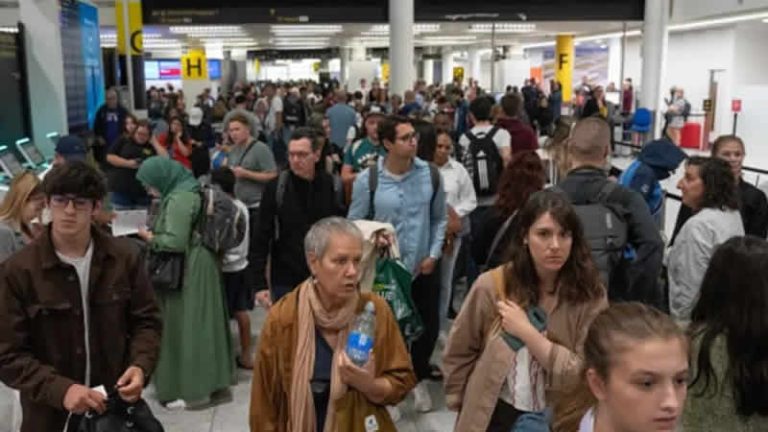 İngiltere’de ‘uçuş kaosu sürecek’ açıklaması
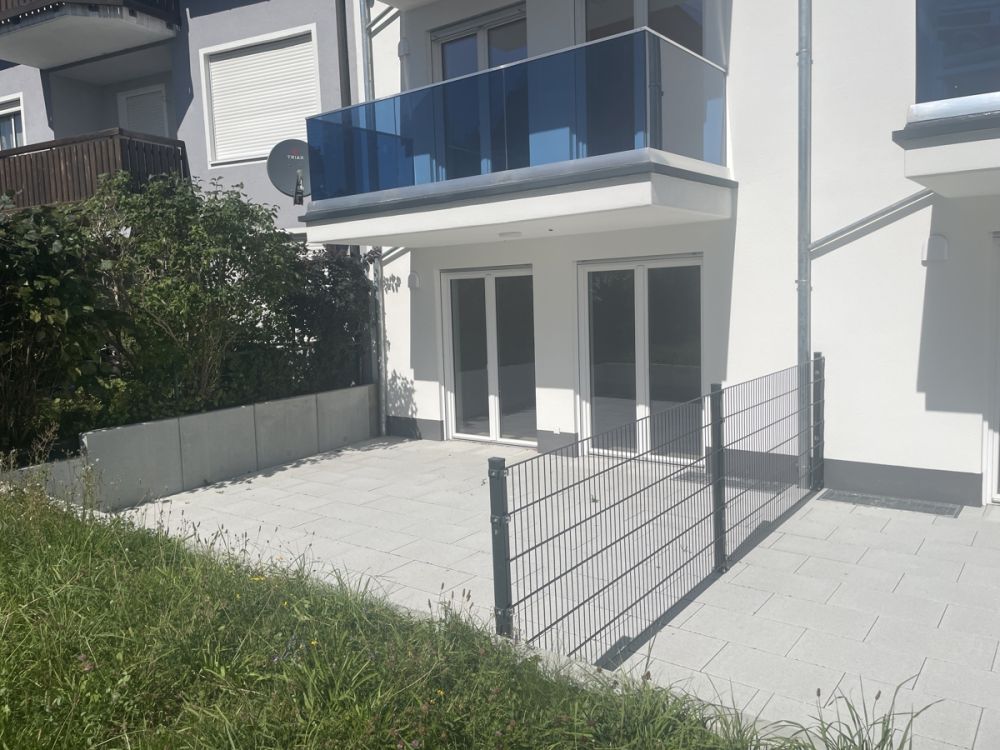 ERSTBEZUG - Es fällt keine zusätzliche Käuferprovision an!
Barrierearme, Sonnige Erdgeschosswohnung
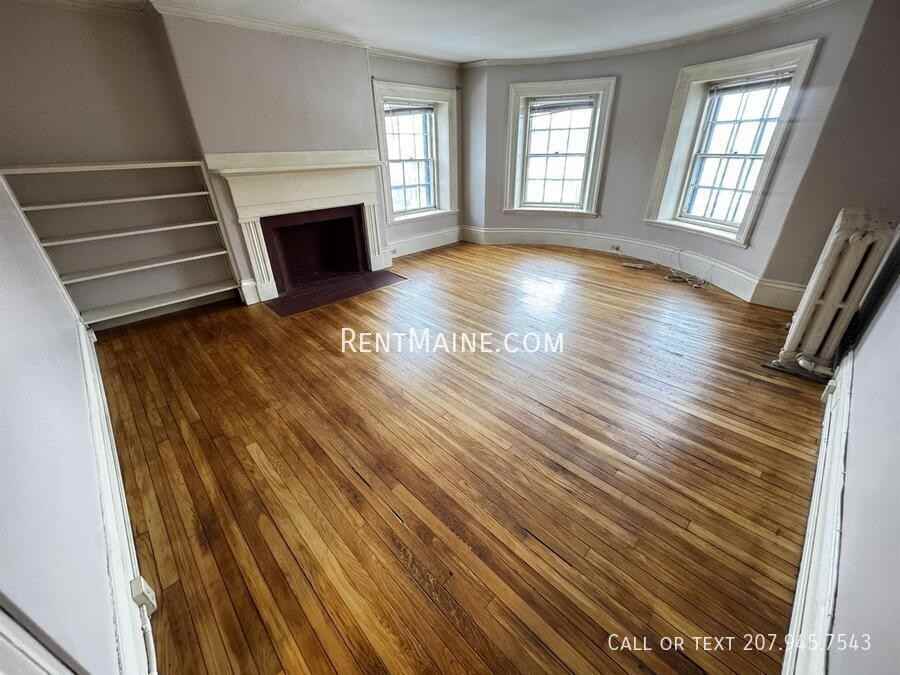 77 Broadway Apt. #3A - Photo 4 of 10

*WORK ITEM*: The lines to write out run from the one containing "Barrierearme, Sonnige Erdgeschosswohnung" through the final line of the material above, both included; write them out exactly, with no pictures.

*YOUR RESPONSE*:
Barrierearme, Sonnige Erdgeschosswohnung
 77 Broadway Apt. #3A - Photo 4 of 10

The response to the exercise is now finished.